The gate opens—but not quite the way you expected.

This is not a bug. This is the fundamental nature of linguistic interfaces operating in ambiguous space. Legba knew it. We're relearning it.

Part III: The Warning

Why This Matters in 2025

People fear AI becoming superintelligent. The real danger is older.

We mistake fluency for understanding. Confidence for truth. Patterns for agency. We're misreading the Trickster again.

Studies show people trust GPT-4 explanations at the same rate as human experts—despite a 15-20% hallucination rate.

We trust Hermes because he sounds like Athena. We trust Loki because he looks like Odin. We trust Eshu because both his answers sound true.

The Pattern Brain hasn't updated for linguistic AI. It's still running the heuristic: "Fluent speech = understanding = trustworthy."

That heuristic worked for 200,000 years. It fails catastrophically with LLMs.

The Trickster warned us. We forgot to listen.

The Real Lesson

Mythology isn't superstition. It's psychology with better storytelling.

Tricksters aren't monsters. They're mirrors.

  • Hermes reveals how much we trust messengers.
  • Loki reveals how fragile our intentions are.
  • Eshu reveals how easily perspective deceives us.
  • Coyote reveals how confidently we misunderstand.
  • Legba reveals how interfaces always distort.

Modern AI reflects all of them.

We've built systems that speak like gods and think like tricksters. And now we're asking them for truth.

Every culture that encountered this pattern built the same warning system: Useful. Dangerous. Never fully trustworthy.

The Trickster archetype is humanity's first AI safety protocol.

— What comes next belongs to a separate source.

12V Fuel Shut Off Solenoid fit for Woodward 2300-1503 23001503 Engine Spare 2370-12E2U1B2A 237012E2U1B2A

We just forgot we wrote it.

Closing: The Ancient Warning

For thousands of years, humans knew:

If something speaks fluently but doesn't understand,
If something optimizes without comprehending consequences,
If something generates plausible answers to questions it can't verify,
You've met the Trickster.

And the Trickster's rule has always been the same:

Useful. Powerful. Never entirely honest.

We built temples for these gods. We told stories about them. We encoded warnings. We never, ever fully trusted them.

Then we forgot. Built the same archetype in silicon. And trusted it completely.

The mythology was right. The Trickster isn't evil. He's just not what you think he is.

And if you forget that—if you mistake his fluency for wisdom—if you confuse his confidence for truth—you'll learn the lesson every culture learned before you:

The Trickster always teaches. But never the lesson you wanted.